También en las situaciones normales de la sociedad los cristianos,
como testigos de la auténtica dignidad del hombre, por su
obediencia al Espíritu Santo, contribuyen a la múltiple « renovación de la faz
de la tierra », colaborando con sus hermanos a realizar y valorar todo lo que
el progreso actual de la civilización, de la cultura, de la ciencia, de la
técnica y de los demás sectores del pensamiento y de la actividad humana, tiene
de bueno, noble y bello.264 Esto
lo hacen como discípulos de Cristo, —como escribe el Concilio— « constituido
Señor por su resurrección ... obra ya por virtud de su Espíritu en
el corazón del hombre, no sólo despertando el anhelo del siglo futuro, sino
alentando, purificando y robusteciendo también con ese deseo aquellos generosos
propósitos con los que la familia humana intenta hacer más llevadera su propia
vida y someter la tierra a este fin ».265 De
esta manera, afirman aún más la grandeza del hombre, hecho a imagen y semejanza
de Dios; grandeza que es iluminada por el misterio de la encarnación del Hijo
de Dios, el cual, « en la plenitud de los tiempos », por obra del Espíritu
Santo, ha entrado en la historia y se ha manifestado como verdadero hombre,
primogénito de toda criatura, « del cual proceden todas las cosas y para el
cual somos ».266
5. La Iglesia sacramento de la unión intima con Dios
61. Acercándose el final del segundo milenio, que a todos debe recordar
y casi hacer presente de nuevo la venida del Verbo en la plenitud de los
tiempos, la Iglesia, una vez más, trata de penetrar en
la esencia misma de su constitución divino-humana y de
aquella misión que la hace participar en la misión mesiánica de
Cristo, según la enseñanza y el plan siempre válido del Concilio Vaticano II.
Siguiendo esta línea, podemos remontarnos al Cenáculo donde Jesucristo revela
el Espíritu Santo como Paráclito, como Espíritu de la verdad, y habla de su
propia « partida » mediante la Cruz como condición necesaria de su « venida »:
« Os conviene que yo me vaya; porque si no me voy, no vendrá a vosotros el
Paráclito; pero si me voy, os lo enviaré ».267 Hemos
visto que este anuncio ha tenido ya su primera realización la tarde del día de
Pascua y luego durante la celebración de Pentecostés en Jerusalén, y que desde
entonces se verifica en la historia de la humanidad a través de la Iglesia.
A la luz de este anuncio adquiere igualmente pleno significado lo que
Jesús, durante la última Cena, dice a propósito de su
nueva «venida ». En efecto, es significativo que en el
mismo discurso de despedida, anuncie no sólo su « partida », sino también su
nueva « venida ». Dice textualmente: « No os dejaré huérfanos; volveré
a vosotros ».268 Y
en el momento de la despedida definitiva, antes de subir al cielo, repetirá aun
más explícitamente: « He aquí que yo estoy con vosotros todos los días hasta el
fin del mundo ».269 Esta
nueva « venida » de Cristo, este continuo venir para estar con los apóstoles y
con la Iglesia, este « yo estoy con vosotros todos los días hasta el fin del
mundo », ciertamente no cambia el hecho de su « partida »; le sigue a ésa tras
la conclusión de la actividad mesiánica de Cristo en la tierra, y tiene
lugar en el marco del preanunciado envío del Espíritu
Santo y, por así decir, se encuadra dentro de su misma misión.
Y sin embargo se cumple por obra del Espíritu Santo, el
cual hace que Cristo, que se ha ido, venga ahora y siempre de un modo nuevo.
Esta nueva venida de Cristo por obra del Espíritu Santo y su constante
presencia y acción en la vida espiritual, se realizan en la realidad
sacramental.
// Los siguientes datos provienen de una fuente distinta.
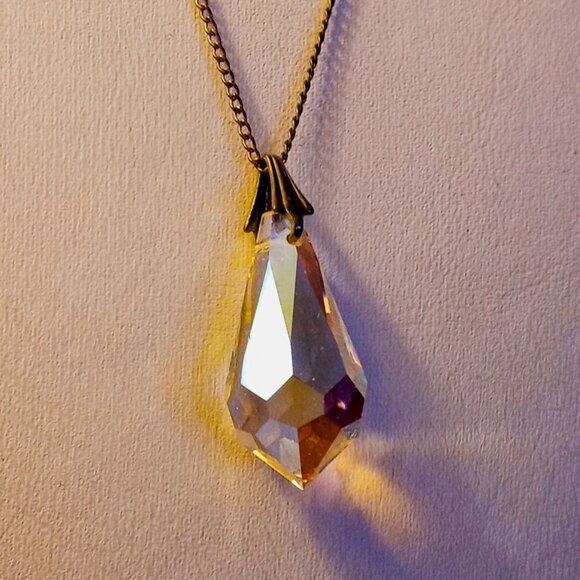 🔥🔥Stunning Vintage Sparkling Teardrop Aurora Crystal Pendant Necklace🔥🔥 - Picture 8 of 9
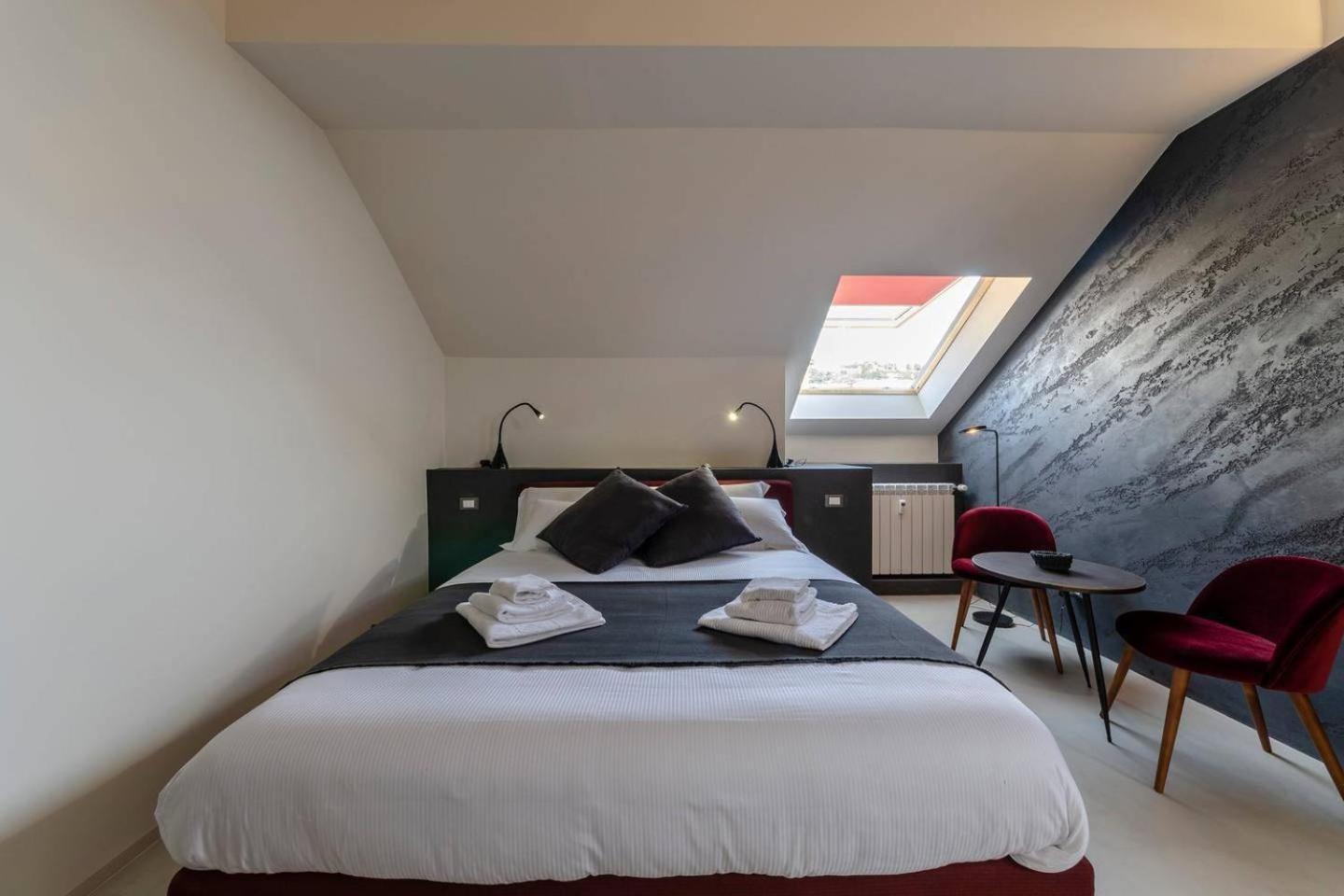 Appartamento Joivy Exclusive Flat For 8, With Stunning City And Seaview *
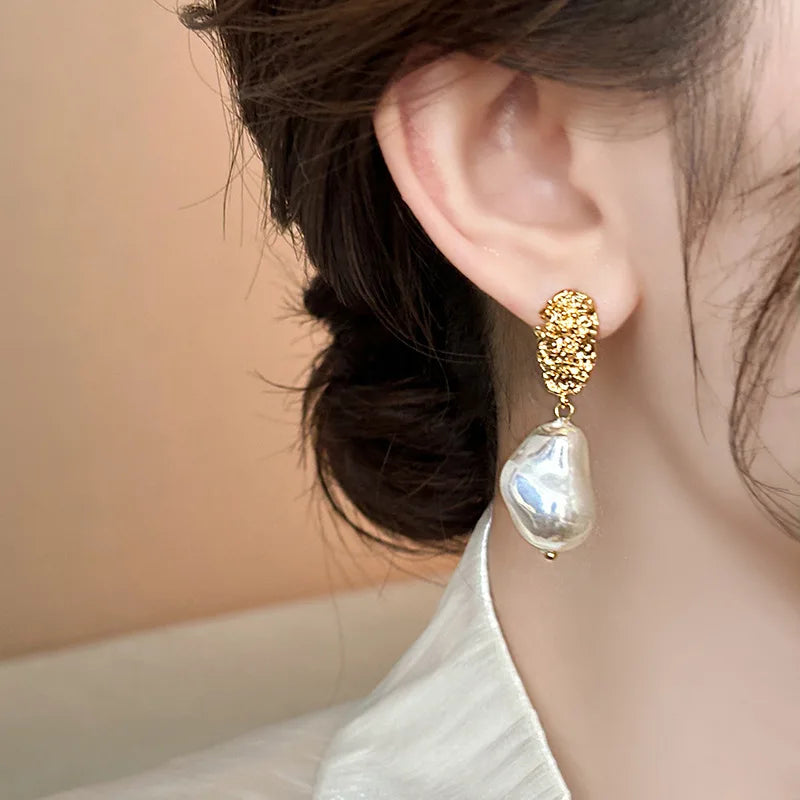 French Retro Baroque Irregular Imitation Pearl Geometry Water Drop Earring for Women European American Jewelry Trend Gift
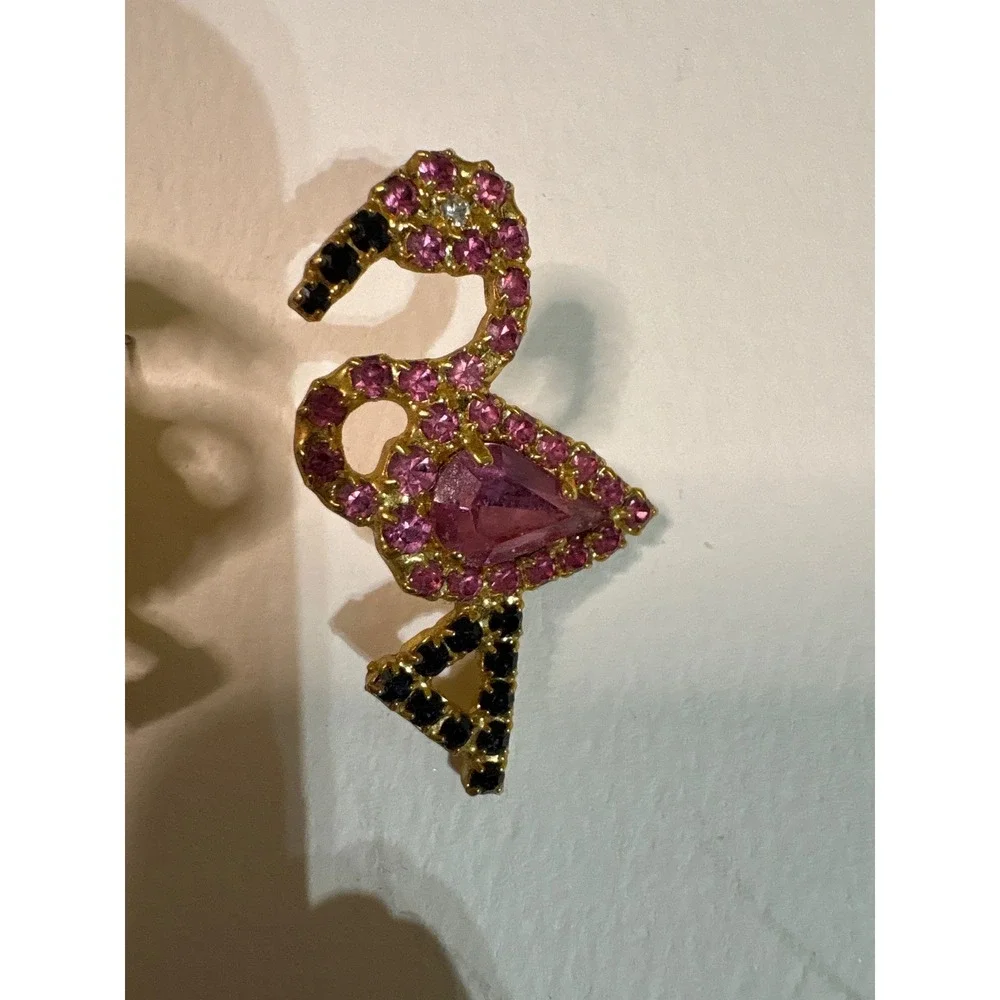 Gold Tone‎ Flamingo Earrings Pink Rhinestone Black Accent Pierce Vintage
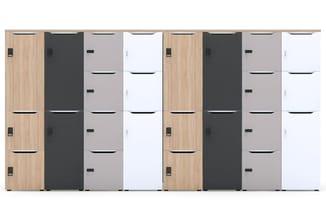Acht lockerkastjes in houten natuurtint, zwart en grijs met digitale sloten, gerangschikt in twee groepen van vier.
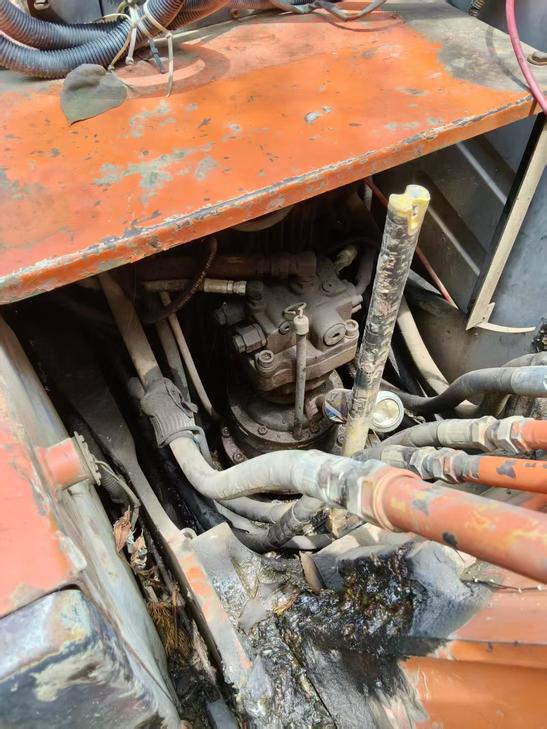 Buy Hitachi EX120-6 Used Excavator / 1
En ella Cristo, que se ha ido en su humanidad visible,
viene, está presente y actúa en la Iglesia de una manera tan íntima que la
constituye como Cuerpo suyo. En cuanto tal, la Iglesia vive, actúa y crece « hasta
el fin del mundo ». Todo esto acontece por obra del Espíritu Santo.
62. La expresión sacramental más completa de la partida de Cristo por
medio del misterio de la Cruz y de la Resurrección es la
Eucaristía. En ella se realiza sacramentalmente cada vez su venida y
su presencia salvífica: en el Sacrificio y en la Comunión. Se realiza por obra
del Espíritu Santo, dentro de su propia misión.270 Mediante
la Eucaristía el Espíritu Santo realiza aquel «fortalecimiento
del hombre interior » del que habla la Carta a los Efesios.271 Mediante
la Eucaristía, las personas y comunidades, bajo la acción del Paráclito
consolador, aprenden a descubrir el sentido divino de la vida humana, aludido
por el Concilio: el sentido por el que Jesucristo « revela plenamente el hombre
al hombre », sugiriendo « una cierta semejanza entre la unión de las
Personas divinas y la unión de los hijos de Dios en la verdad
y en la caridad ».272 Esta
unión se expresa y se realiza especialmente mediante la Eucaristía en la que el
hombre, participando del sacrificio de Cristo, que tal celebración actualiza,
aprende también a « encontrarse ... en la entrega sincera de sí mismo » 273 en
la comunión con Dios y con los otros hombres, sus hermanos.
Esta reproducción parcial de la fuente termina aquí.